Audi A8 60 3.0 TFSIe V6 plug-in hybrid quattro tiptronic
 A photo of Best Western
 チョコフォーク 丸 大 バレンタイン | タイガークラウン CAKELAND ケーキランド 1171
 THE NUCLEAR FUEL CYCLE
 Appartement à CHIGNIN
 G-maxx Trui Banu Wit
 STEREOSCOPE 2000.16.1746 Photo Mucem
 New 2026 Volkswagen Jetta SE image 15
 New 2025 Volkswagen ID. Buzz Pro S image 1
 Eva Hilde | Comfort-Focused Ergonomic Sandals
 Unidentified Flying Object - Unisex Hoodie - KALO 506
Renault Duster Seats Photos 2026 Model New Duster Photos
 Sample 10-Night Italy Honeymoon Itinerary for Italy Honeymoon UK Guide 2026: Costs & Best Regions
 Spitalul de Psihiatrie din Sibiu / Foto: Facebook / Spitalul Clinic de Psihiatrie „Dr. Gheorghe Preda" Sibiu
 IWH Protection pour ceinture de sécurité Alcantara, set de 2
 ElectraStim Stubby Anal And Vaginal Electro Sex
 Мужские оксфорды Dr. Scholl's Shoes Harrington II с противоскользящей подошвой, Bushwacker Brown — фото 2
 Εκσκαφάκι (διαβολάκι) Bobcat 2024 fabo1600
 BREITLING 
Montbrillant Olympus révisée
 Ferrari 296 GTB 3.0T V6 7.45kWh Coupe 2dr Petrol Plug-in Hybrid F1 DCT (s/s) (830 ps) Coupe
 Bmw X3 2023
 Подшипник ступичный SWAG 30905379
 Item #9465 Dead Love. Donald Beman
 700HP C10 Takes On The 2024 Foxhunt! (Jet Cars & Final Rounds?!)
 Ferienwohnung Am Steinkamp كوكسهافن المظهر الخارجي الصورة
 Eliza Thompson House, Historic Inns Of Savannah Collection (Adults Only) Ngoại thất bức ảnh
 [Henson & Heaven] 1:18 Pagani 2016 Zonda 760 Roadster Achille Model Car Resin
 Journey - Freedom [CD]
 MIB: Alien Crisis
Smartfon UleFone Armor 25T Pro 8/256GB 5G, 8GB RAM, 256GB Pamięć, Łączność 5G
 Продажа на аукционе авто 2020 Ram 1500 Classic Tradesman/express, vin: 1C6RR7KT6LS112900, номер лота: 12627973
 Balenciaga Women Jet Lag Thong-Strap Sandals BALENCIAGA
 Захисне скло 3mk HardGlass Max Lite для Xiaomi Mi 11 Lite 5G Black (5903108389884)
☆ ☆ ☆ ☆
_TASK DESCRIPTION_
Looking at the records above, return exactly the lines from the line with "STEREOSCOPE 2000.16.1746 Photo Mucem" to the line with "IWH Protection pour", both ends included.

_FINISHED EXERCISE_
 STEREOSCOPE 2000.16.1746 Photo Mucem
 New 2026 Volkswagen Jetta SE image 15
 New 2025 Volkswagen ID. Buzz Pro S image 1
 Eva Hilde | Comfort-Focused Ergonomic Sandals
 Unidentified Flying Object - Unisex Hoodie - KALO 506
Renault Duster Seats Photos 2026 Model New Duster Photos
 Sample 10-Night Italy Honeymoon Itinerary for Italy Honeymoon UK Guide 2026: Costs & Best Regions
 Spitalul de Psihiatrie din Sibiu / Foto: Facebook / Spitalul Clinic de Psihiatrie „Dr. Gheorghe Preda" Sibiu
 IWH Protection pour ceinture de sécurité Alcantara, set de 2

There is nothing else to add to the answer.